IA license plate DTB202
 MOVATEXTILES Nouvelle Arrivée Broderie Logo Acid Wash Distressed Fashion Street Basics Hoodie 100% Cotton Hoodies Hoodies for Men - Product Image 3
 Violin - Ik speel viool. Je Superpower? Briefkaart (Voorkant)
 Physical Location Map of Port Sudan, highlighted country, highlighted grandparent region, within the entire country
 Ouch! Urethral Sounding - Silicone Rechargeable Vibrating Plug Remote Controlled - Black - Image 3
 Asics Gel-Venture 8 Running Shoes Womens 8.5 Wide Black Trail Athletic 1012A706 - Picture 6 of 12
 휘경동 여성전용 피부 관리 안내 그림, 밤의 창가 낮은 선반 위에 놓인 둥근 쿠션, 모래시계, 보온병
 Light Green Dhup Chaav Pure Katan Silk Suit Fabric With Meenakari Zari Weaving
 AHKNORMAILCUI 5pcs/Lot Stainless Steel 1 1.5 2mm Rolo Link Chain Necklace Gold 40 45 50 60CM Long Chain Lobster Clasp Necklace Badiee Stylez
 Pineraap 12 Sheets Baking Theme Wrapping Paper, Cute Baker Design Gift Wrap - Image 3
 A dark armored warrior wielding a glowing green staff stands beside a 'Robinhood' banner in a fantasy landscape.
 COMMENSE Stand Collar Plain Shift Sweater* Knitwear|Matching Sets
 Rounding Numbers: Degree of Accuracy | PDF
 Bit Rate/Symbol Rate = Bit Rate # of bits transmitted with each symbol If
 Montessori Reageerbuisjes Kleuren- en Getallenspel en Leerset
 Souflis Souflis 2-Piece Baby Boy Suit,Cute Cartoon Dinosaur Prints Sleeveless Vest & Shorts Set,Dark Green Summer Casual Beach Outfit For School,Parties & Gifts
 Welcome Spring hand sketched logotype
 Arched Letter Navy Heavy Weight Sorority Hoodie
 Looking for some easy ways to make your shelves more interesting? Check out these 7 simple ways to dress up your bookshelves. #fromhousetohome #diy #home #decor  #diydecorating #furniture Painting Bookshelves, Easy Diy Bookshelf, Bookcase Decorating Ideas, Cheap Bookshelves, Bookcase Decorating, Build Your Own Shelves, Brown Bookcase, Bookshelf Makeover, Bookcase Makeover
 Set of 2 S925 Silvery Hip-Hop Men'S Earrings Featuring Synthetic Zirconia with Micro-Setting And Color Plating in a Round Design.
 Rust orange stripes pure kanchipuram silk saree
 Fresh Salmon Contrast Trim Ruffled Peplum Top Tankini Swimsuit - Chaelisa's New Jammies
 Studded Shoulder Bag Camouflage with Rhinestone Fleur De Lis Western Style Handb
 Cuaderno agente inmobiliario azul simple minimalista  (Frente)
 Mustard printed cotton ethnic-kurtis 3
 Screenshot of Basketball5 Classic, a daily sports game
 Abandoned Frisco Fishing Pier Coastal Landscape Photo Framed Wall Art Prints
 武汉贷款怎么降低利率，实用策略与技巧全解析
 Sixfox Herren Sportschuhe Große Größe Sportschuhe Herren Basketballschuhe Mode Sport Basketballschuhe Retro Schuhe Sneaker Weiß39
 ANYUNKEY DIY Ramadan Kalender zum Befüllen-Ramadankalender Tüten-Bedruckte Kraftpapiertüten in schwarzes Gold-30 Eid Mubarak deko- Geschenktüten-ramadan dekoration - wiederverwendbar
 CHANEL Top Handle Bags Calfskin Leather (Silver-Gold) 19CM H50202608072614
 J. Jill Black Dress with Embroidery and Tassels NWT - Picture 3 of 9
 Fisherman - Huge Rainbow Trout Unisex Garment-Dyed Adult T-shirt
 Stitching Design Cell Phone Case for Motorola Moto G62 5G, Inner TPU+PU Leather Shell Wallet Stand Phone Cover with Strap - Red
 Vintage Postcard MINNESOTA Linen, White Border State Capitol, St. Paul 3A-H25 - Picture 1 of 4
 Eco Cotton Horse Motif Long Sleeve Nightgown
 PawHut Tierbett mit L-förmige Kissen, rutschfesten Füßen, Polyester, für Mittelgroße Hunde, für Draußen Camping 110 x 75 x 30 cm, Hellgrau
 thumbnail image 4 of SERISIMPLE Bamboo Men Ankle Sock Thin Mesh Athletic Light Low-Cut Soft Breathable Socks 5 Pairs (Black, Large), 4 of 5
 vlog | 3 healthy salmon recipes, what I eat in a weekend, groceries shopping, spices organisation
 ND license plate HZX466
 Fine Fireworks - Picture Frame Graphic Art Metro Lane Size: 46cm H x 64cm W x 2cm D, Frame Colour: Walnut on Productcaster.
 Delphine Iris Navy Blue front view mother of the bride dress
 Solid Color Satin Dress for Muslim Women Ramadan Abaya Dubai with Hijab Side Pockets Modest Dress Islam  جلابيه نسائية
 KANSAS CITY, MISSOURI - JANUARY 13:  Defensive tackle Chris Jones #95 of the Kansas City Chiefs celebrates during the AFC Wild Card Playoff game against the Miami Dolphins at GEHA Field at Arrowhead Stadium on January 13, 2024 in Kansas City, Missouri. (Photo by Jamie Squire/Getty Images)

* Exercise requirements: Take from the listing above each line that contains the string "Hoodie".

* Solution to this exercise:
 MOVATEXTILES Nouvelle Arrivée Broderie Logo Acid Wash Distressed Fashion Street Basics Hoodie 100% Cotton Hoodies Hoodies for Men - Product Image 3
 Arched Letter Navy Heavy Weight Sorority Hoodie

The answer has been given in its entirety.